Las chicas de la playa de Maui
Recientemente, la periodista Susan Orlean, antes de convertirse en personaje de la “Adaptation” de Spike Jonze y Charlie Kauffman, escribió un revelador artículo sobre los surferos de la isla de Maui, que ofrecía una gran novedad con respecto a similares estudios en el pasado: esta vez las protagonistas eran ellas. Felizmente, el artículo dio lugar a un guión y finalmente en una película llamada “Blue Crush”, estrenada aquí como “En el filo de las olas”. Su director, John Stockwell, ya había demostrado sus aspiraciones de ser algo más que un gris manufacturador de productos adolescentes con la emotiva “Amor loco/ amor prohibido”, y en esta ocasión se valió de un grupo de atractivas chicas, algunas de ellas actrices (Kate Bosworth, Michelle Rodríguez) y otras surferas profesionales (Sanoe Lake: una pena que esta chica no haya seguido haciendo cine), para confeccionar una divertida película de superación personal, con más miga y menos concesiones de lo habitual, que se beneficia de dos factores, a saber: primero, el abrumador rescate del género teenager que tiene lugar a finales del milenio y segundo, los no menos abrumadores avances de la técnica y los efectos visuales, que permiten, por fin, disfrutar de auténticas y escalofriantes escenas surf en primera línea y sin que el agua nos empape la vista. En fin, toda una gozada que comparte operadores de cámara con la secuela de “Verano sin fin”, precisamente el título emblema de aquel californiano excéntrico llamado Bruce Brown.

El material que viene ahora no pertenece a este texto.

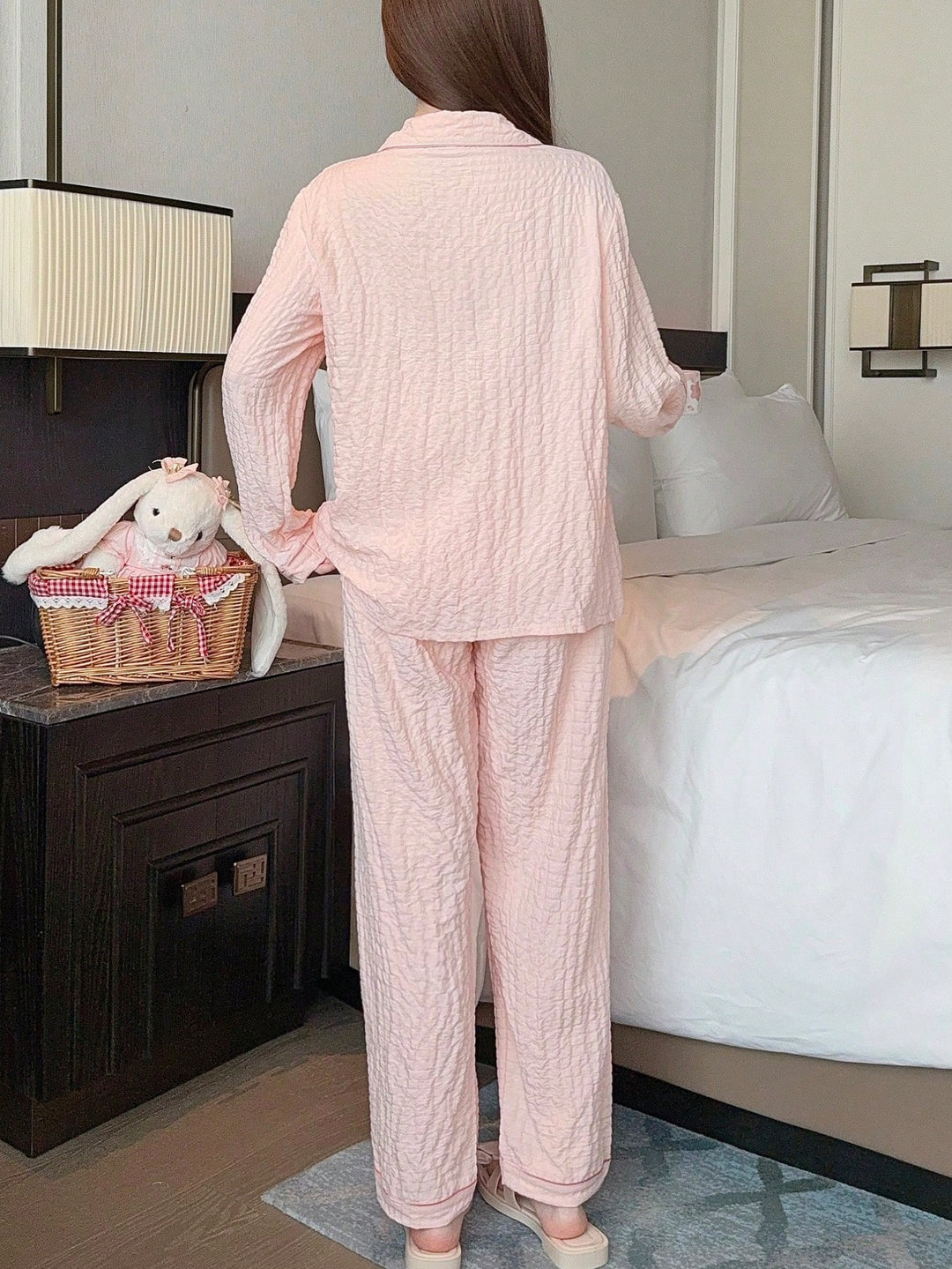 Compleu pijamale SHEIN, roz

¿Y en España? ¿Es que aquí no tenemos playas, no practicamos surf, no nos sabemos mantener sobre una ola? Este tipo de artículos pretenden ser alentadores y quien los escribe siempre ha defendido la importación a nuestro cine de modelos y fórmulas de la genuina serie B americana, pero es que en este caso el resultado, honestamente, podría poner con facilidad los pelos como escarpias. Hasta donde pueden viajar mis neuronas es a alcanzar el recuerdo de “En las manos de Dios” del erotómano Zalman King y dilucidan que una película surfer hispana podría ser algo así: planos largos y estáticos con musiquilla chill-out, tramas dignas de las más punteras series de televisión (dicho como insulto, por supuesto), actores bronceados fingiendo interpretar, algún rollito social por medio, una actuación íntegra de algún grupo de los cuarenta con alguna canción del verano en la que “playa” aparezca por alguna parte, y sobre todo, mucha pretensiones de pegote y trascendencias innecesarias. En tal caso, más nos vale dejar el surf para California y seguir haciendo comedias románticas.
Por lo demás, no importa que nunca nos hayamos bañado en el mar, que en ningún momento hayamos estado cerca de calarnos un bañador o un bikini, o que los deportes, acuáticos o no, no consigan despertarnos más que algún bostezo desencaja-mandíbulas. El cine siempre será la ventana de los cobardes y los pobres de imaginación y músculos: el refugio de los que queremos sentir los golpes de agua sin que ésta llegue a rozarnos el cuerpo. Las películas surf están ahí para nosotros: su contemplación, pasiva o exaltada, no implica necesariamente fracturas, luxaciones o desapariciones en alta mar.